- **Work required**: In the listing below, find the line containing "bontott MERCEDES-BENZ GLA-CLASS" and the line containing "Electrolux CFG526R Μαύρο 450 m³/h", then copy exactly everything from the first through the second, except the pictures.

- **Given records**:

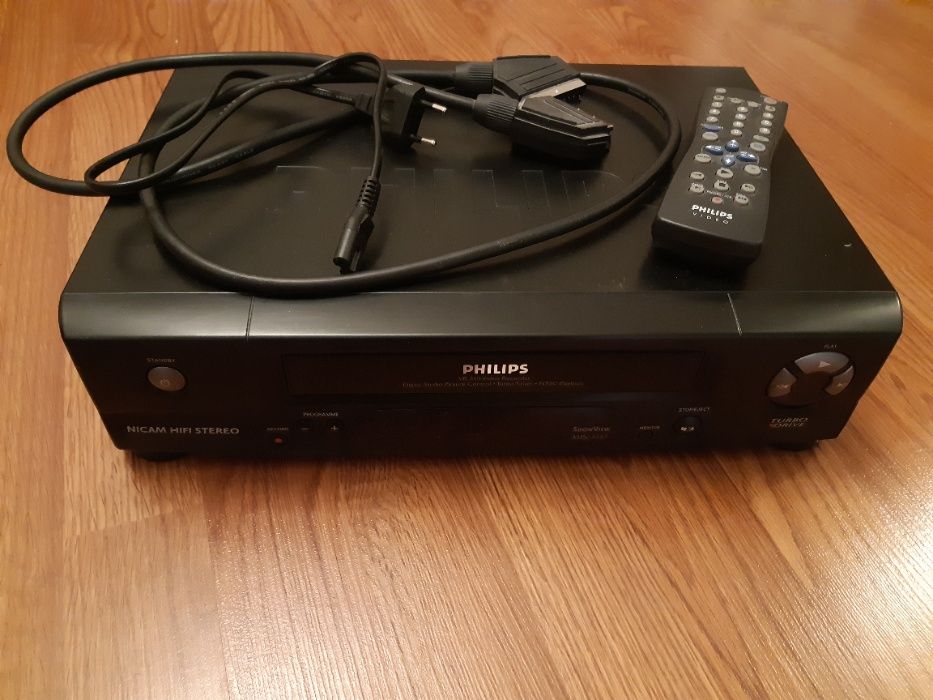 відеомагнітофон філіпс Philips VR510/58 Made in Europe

...

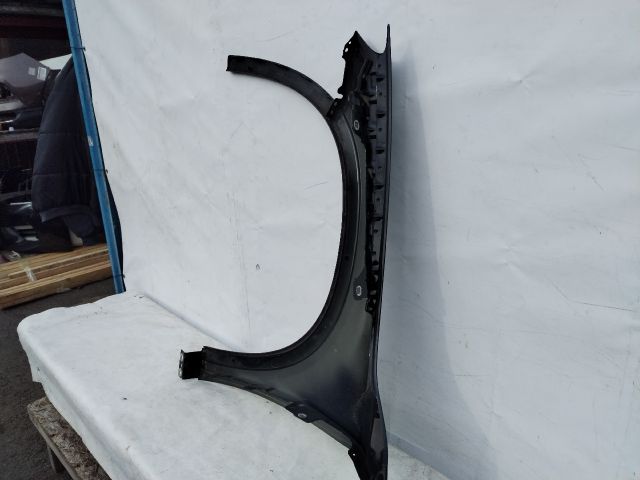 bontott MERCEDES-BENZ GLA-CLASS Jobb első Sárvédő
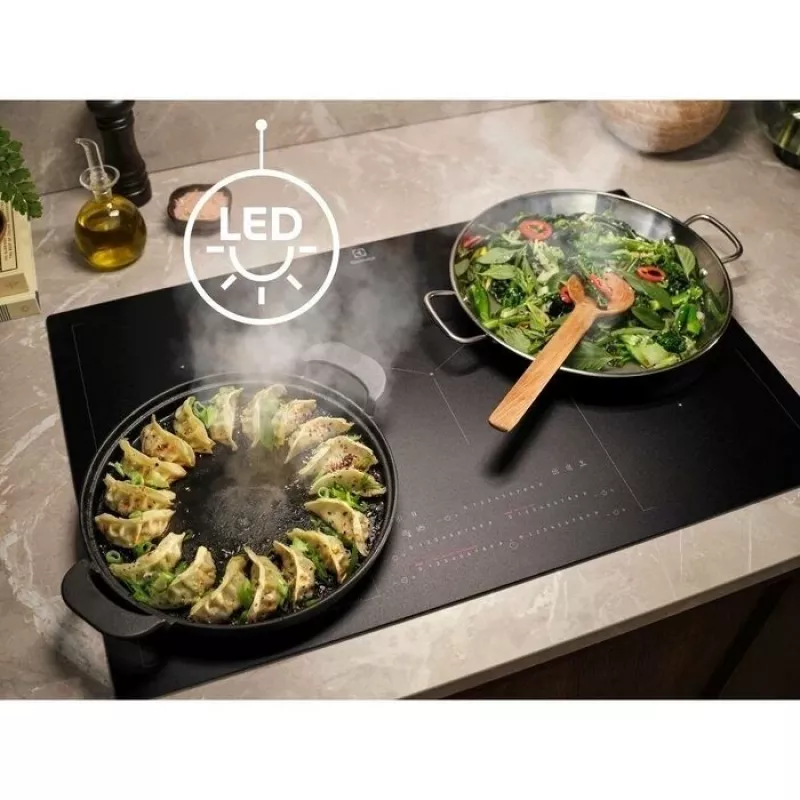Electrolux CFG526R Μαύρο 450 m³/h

---

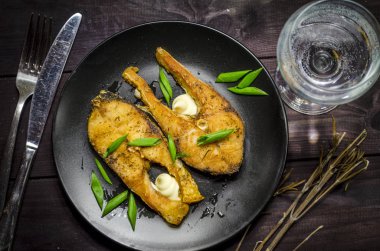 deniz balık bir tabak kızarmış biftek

- **Task answer**:
 bontott MERCEDES-BENZ GLA-CLASS Jobb első Sárvédő
Electrolux CFG526R Μαύρο 450 m³/h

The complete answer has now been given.